Несмотря на свое поражение, Хикматёр далеко не уходил от города, ибо вокруг него и поблизости не было сил, способных оказать ему сопротивление.
Пакистанский генерал Хамидгуль продолжал слепо толкать Хикматёра и его моджахедов в Кабул. С одной стороны он снабжал Хикматёра деньгами и оружием, с другой стороны выступал и неким посредником между ними для ведения переговоров о заключении мира.
… Зловоние, исходящее от разлагающихся человеческих трупов, заполнило весь город. Масъуд, хотя и знал о коварствах Хамидгула и Хикматёра, в надежде на мир все же согласился, было на ведение переговоров, но моджахеды, вставшие против Хикматёра, не хотели поддержать его. Видя это, Хамидгул взял на себя роль того самого посредника, который и пригласил Масъуда на переговоры. В назначенный час он пришел к Масъуду.
В таких играх и авантюрах Масъуд был искушен. Ему успели надоесть эти интриги. Он хорошо знал, что все эти хитросплетения его недругов имеют только одну направленность – захватить власть. Находясь на посту главы государства, единомышленник Масъуда Бурхониддин Раббони послушался Масъуда и назначил Хикматёра премьер-министром Афганистана. Несмотря и на это, ракетный обстрел Кабула все еще продолжался. Масъуд так и спросил у Хамидгула: «Что желает этот наш с вами близкий друг?»
- Хикматёр утверждает, что в армии Афганистана служат коммунисты. Он требует расформировать эту армию. – пояснил Хамидгул.
Опечаленный услышанным, Масъуд задумался. И было почему: «Хамидгул и Хикматёр хотят расформировать с таким трудом созданную нами армию, сделать страну слабой беззащитной и самим завладеть ею»
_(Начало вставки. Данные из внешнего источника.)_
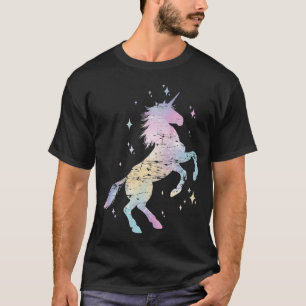 Camiseta Rainbow Animal Fairy Unicorn Lover Girls Gif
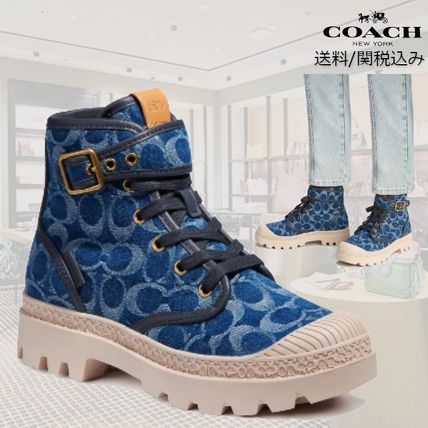 Coach SIGNATURE(コーチ シグネチャー) ブーツ(レディース) - 海外通販 ...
- Опорой коммунистов Афганистана были шурави. И они ушли из Афганистана. Теперь коммунисты Афганистана ни на что не способны. Прежде чем покинуть Афганистан, армия шурави продала нам большую часть своего оружия. Теперь это оружие должно служить народу Афганистана. Коммунисты Афганистана, мы с Хикматёром тоже дети этой страны, этого народа. Так, нельзя ли, чтобы мы с Хикматёром пришли к взаимопониманию, нашли общий язык и прекратили братоубийственную войну, приступили к благоустройству страны? Сколько же нам с Хикматёром проливать кровь? Воюем мы, страдает народ, страна. Как вы сами знаете, в то время, как Хикматёр является премьер-министром Афганистана, его моджахеды бомбят Кабул. Спрашивается, где и какая в этом логика?
Помолчав немного, Масъуд развил свою мысль:
- Господин Хамидгул, прошу вас передать Хикматёру, что я даю ему ровно два дня срока. Если за эти два дня не прекратится бомбежка Кабула, вас обоих я выдворю из Афганистана, выгоню до ворот Пешавара Пакистана. …
С момента этих переговоров Масъуда и Хамидгула прошло двое суток, но бомбежка Кабула все еще продолжалась. Масъуд приступил к выполнению своих обещаний. Правительственные вооруженные силы Афганистана вместе с моджахедами Панджшера и северных провинций в первый же день сражения отбросили боевиков Хикматёра на тридцать километров дальше от Кабула, чтобы выпущенные ими ракеты не достигали столицы Афганистана.
Став свидетелем этой картины, Хикматёр поклялся Оллохом, что еще на двадцать пять последующих лет объявляет Масъуду джихад. В это время Хикматёр еще не знал, что его покровители в Пакистане и еще в каких-то других странах уже передали его полномочия другим, новым мировым террористам, именующим себя как движение «толибон». Таким образом, клятва, данная Хикматёром, автоматически утрачивала свою силу. Хикматёра вновь назначили премьер-министром страны, а Масъуду с его моджахедами, составлявшими основной костяк армии Афганистана, теперь приходилось защищать страну от другого, более кровожадного злодея, чем Хикматёр. Откуда появилась эта новая порода злодеев под названием «толибон», Масъуд еще не знал. Он понял теперь, что бомбежкой Кабула заняты не моджахеды Хикматёра, как раньше, а талибы. И командовал ими теперь не Хикматёр, а некий Мулло Умар. И покровителем этой новоявленной группы вновь выступали Хамидгул и Пакистан.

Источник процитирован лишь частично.